Instructions to follow
Exact copy, pictures excluded: please retype every record below.

Material for this task
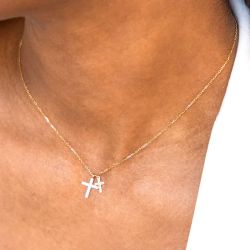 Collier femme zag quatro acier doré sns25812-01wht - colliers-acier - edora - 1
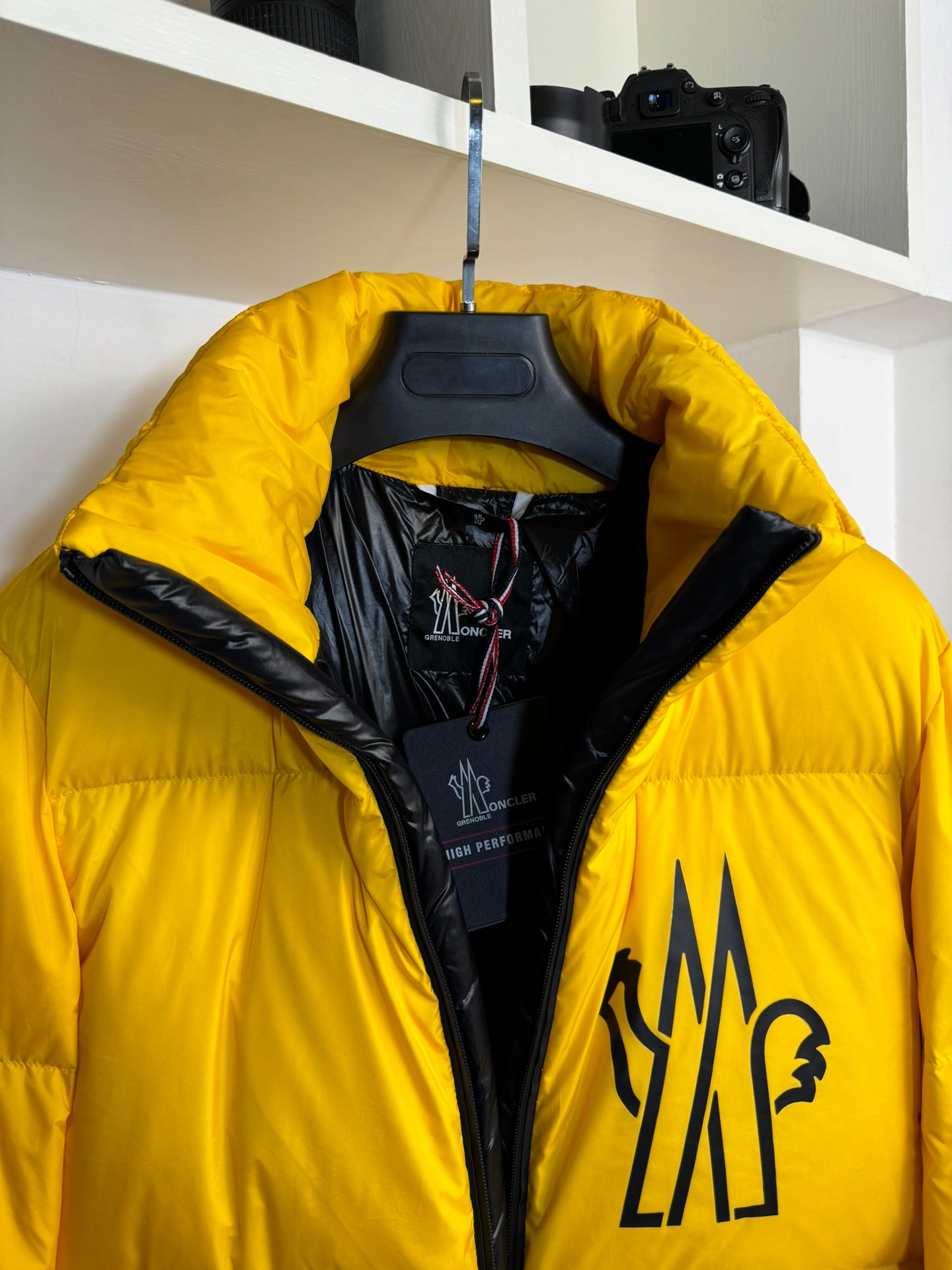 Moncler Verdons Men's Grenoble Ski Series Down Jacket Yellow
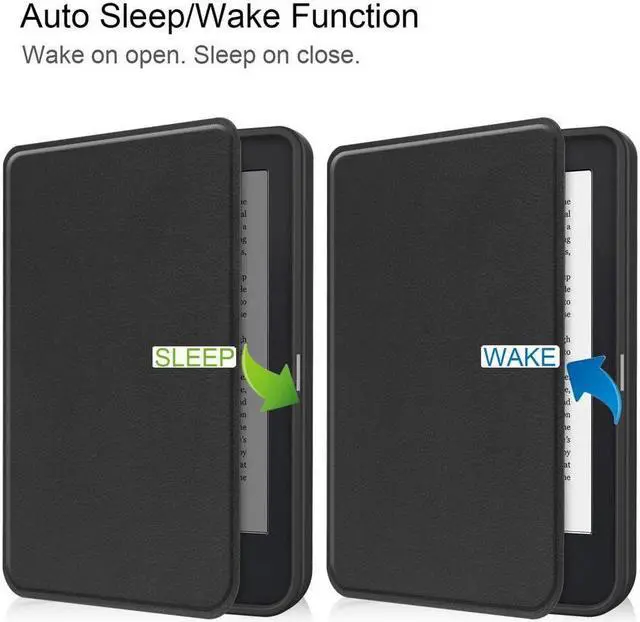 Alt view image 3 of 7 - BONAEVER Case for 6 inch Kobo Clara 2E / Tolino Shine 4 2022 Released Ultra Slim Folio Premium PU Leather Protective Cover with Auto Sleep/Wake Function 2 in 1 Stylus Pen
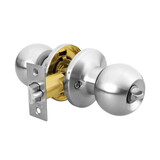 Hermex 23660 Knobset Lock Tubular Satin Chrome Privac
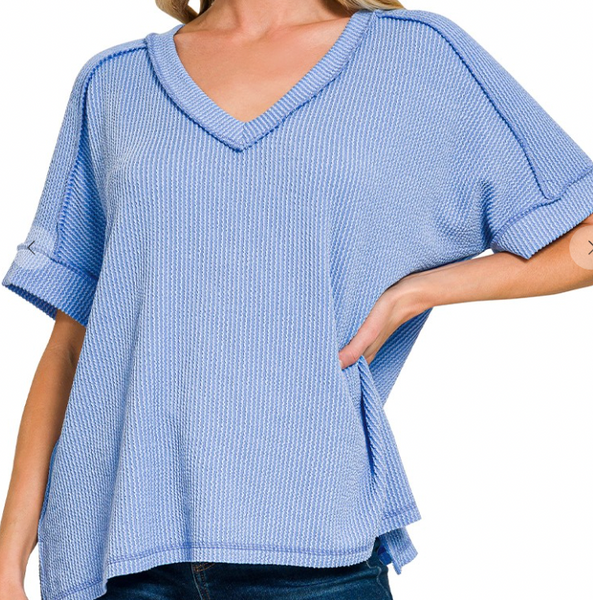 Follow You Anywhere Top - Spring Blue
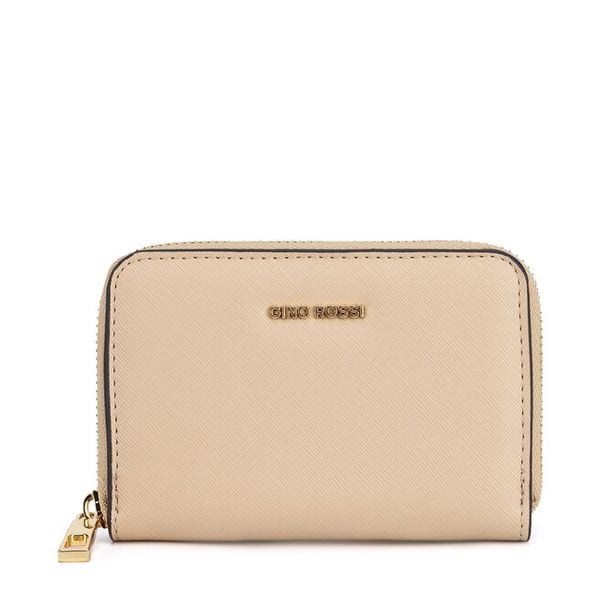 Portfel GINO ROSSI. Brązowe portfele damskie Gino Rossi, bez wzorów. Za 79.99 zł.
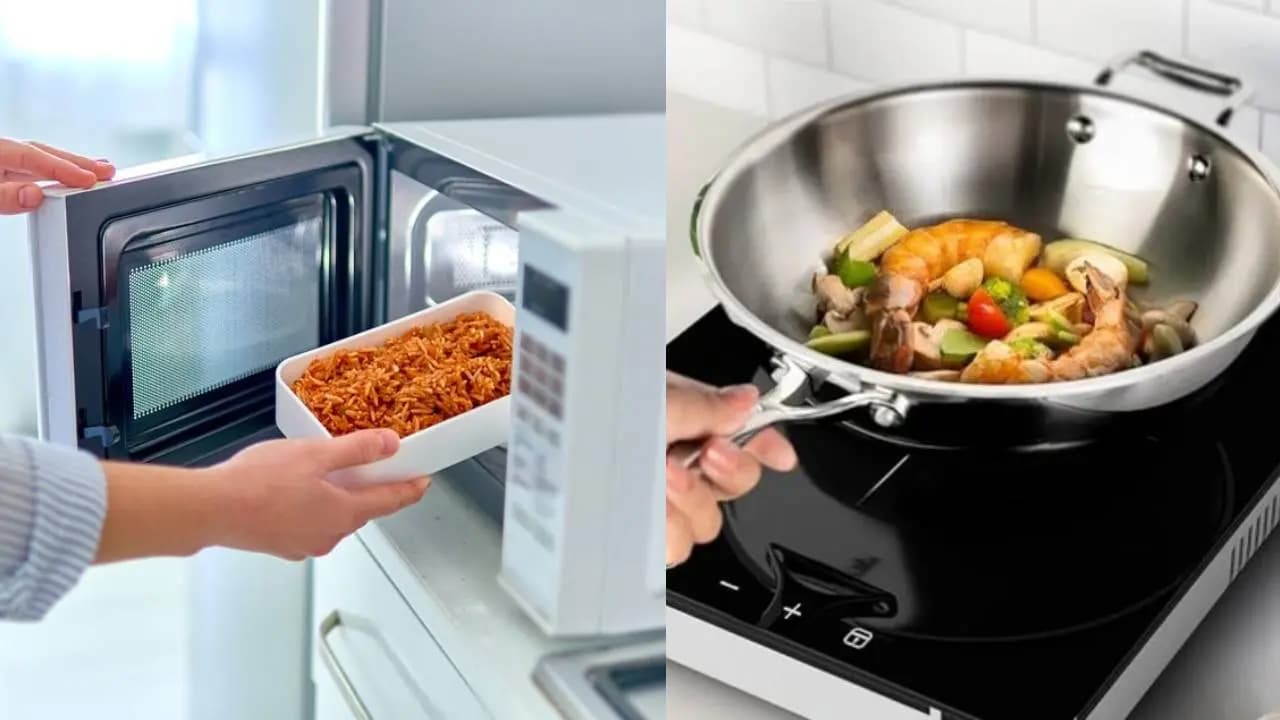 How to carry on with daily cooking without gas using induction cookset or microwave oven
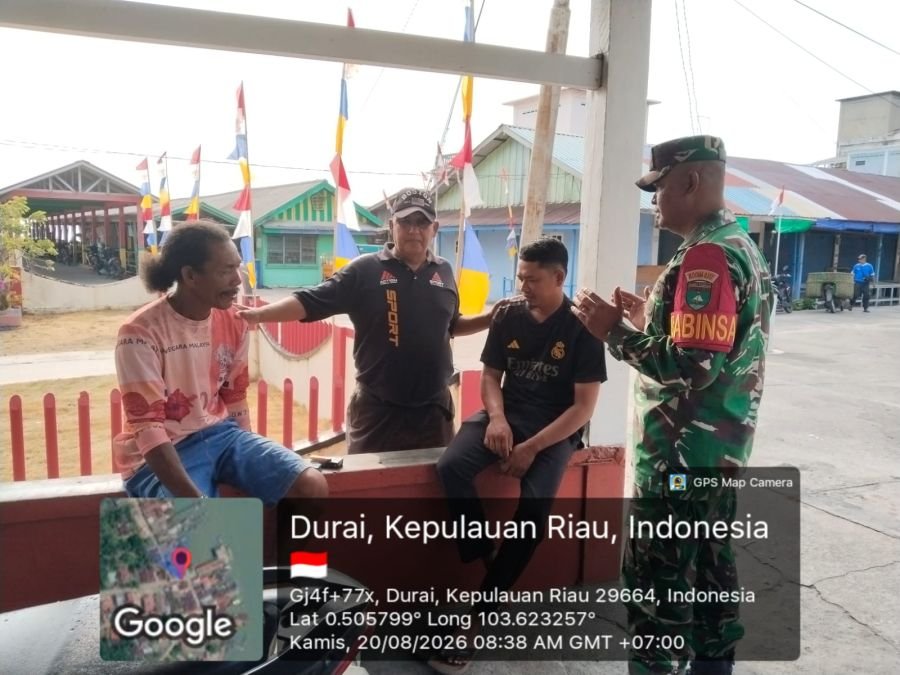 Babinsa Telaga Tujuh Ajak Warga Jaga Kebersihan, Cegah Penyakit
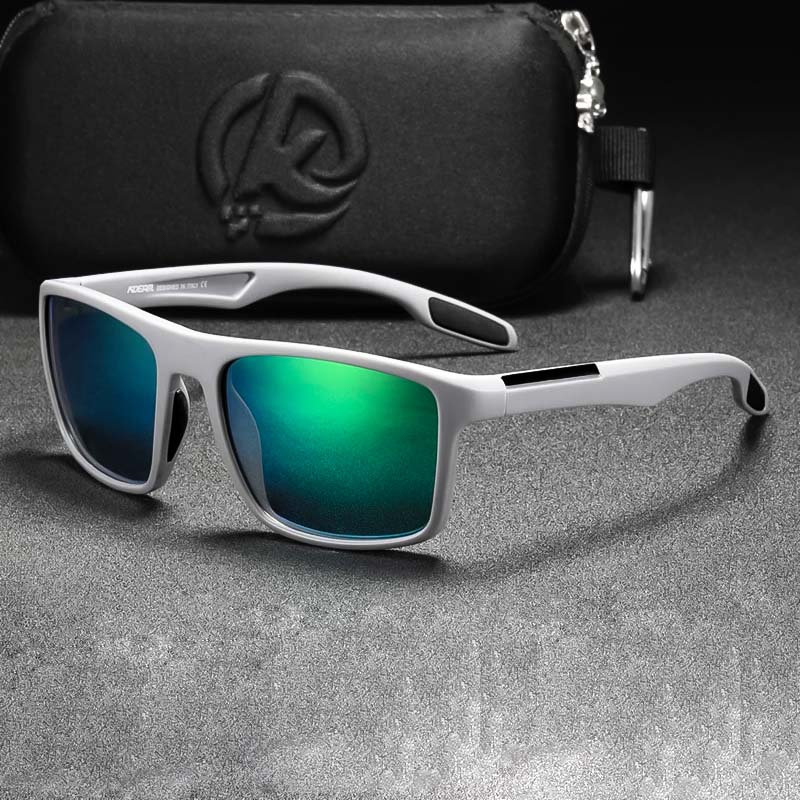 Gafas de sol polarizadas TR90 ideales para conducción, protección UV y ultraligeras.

Result of the exercise
 Collier femme zag quatro acier doré sns25812-01wht - colliers-acier - edora - 1
 Moncler Verdons Men's Grenoble Ski Series Down Jacket Yellow
 Alt view image 3 of 7 - BONAEVER Case for 6 inch Kobo Clara 2E / Tolino Shine 4 2022 Released Ultra Slim Folio Premium PU Leather Protective Cover with Auto Sleep/Wake Function 2 in 1 Stylus Pen
 Hermex 23660 Knobset Lock Tubular Satin Chrome Privac
 Follow You Anywhere Top - Spring Blue
 Portfel GINO ROSSI. Brązowe portfele damskie Gino Rossi, bez wzorów. Za 79.99 zł.
 How to carry on with daily cooking without gas using induction cookset or microwave oven
 Babinsa Telaga Tujuh Ajak Warga Jaga Kebersihan, Cegah Penyakit
 Gafas de sol polarizadas TR90 ideales para conducción, protección UV y ultraligeras.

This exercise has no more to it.